[Spatial localization data]
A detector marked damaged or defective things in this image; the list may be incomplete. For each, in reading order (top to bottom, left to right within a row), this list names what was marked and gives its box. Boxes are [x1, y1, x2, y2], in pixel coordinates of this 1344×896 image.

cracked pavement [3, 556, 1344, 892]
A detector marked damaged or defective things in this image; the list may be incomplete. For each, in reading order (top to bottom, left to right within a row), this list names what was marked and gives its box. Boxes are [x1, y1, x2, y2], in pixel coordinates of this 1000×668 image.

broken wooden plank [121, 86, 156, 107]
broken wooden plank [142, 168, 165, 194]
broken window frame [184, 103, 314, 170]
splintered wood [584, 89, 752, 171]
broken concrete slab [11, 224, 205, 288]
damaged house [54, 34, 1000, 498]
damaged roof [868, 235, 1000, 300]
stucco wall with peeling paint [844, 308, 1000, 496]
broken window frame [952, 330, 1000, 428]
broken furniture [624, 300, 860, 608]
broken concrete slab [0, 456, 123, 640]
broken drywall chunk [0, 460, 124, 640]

## EXERCISE:
Quote, word for word, every line starting at the one that contains "this 1000×668 image." and ending with the final line of the entries.

## WRITTEN RESPONSE:
A detector marked damaged or defective things in this image; the list may be incomplete. For each, in reading order (top to bottom, left to right within a row), this list names what was marked and gives its box. Boxes are [x1, y1, x2, y2], in pixel coordinates of this 1000×668 image.

broken wooden plank [121, 86, 156, 107]
broken wooden plank [142, 168, 165, 194]
broken window frame [184, 103, 314, 170]
splintered wood [584, 89, 752, 171]
broken concrete slab [11, 224, 205, 288]
damaged house [54, 34, 1000, 498]
damaged roof [868, 235, 1000, 300]
stucco wall with peeling paint [844, 308, 1000, 496]
broken window frame [952, 330, 1000, 428]
broken furniture [624, 300, 860, 608]
broken concrete slab [0, 456, 123, 640]
broken drywall chunk [0, 460, 124, 640]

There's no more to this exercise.